I really appreciate this provocative piece from Peter Leithart with “4 Ways to Revolutionize Your Bible Reading.”
Here is a taste of Leithart’s 4 suggestions.
1. Trust the text
“What I really mean is: trust the Author. At bottom, that means believing this book is God’s speech in human language. These words are God’s words. If you don’t believe that, nothing else I say will make much sense.”
2. There are no shortcuts
“Whether reading a poem or a biblical book or the whole Bible, there are no shortcuts. Read, then re-read, then re-re-read, until the whole book goes with you through every verse. Only then will the text come to seem natural.”
3. Find and mimic readers who are better than you are
“Find someone whose reading of the Bible electrifies and delights you, someone who makes your heart burn. Listen. Mimic. As you read, imagine he’s standing at your shoulder pointing to all the things you missed.”

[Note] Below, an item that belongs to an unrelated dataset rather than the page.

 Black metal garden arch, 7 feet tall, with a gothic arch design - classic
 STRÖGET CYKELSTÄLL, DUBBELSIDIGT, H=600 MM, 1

4. Worship at a church with a Bible-saturated liturgy
“Many churches with “Bible” in the name rarely have much Bible in worship. The hymns contain small snatches of Scripture. The pastor reads a few verses for his sermon text, but otherwise little of the Bible is read and heard. By a weird irony, many traditionally liturgical churches are more immersed in Scripture than Bible-believing evangelical ones are.”
There is much to consider here. I encourage you to check it out!
Jann Coffman says
I read the original article referenced, and agreed with the main points. However, the critique of evangelical vs more liturgical traditions is not necessarily warranted. Reading of scriptures in liturgy is no guarantee of congregants being more rooted in scripture than evangelicals who do not use liturgies. Lutherans and Anglicans can be just as ignorant of the Bible in spite of ‘reading’ the weekly liturgy. I know Anglicans who do not believe the Bible to be inerrant, nor do they believe in the atonement of Christ, nor that Christ is the only way to salvation as ‘there many paths to God.’ I also know Lutherans who are quite unlearned in the Scriptures and live seemingly worldly daily existence. Both seem to trust in church membership rather than relationship with Christ as means of salvation.
Reading liturgies can lend to religious ‘rote-ness’ instead of relationship with the living Christ.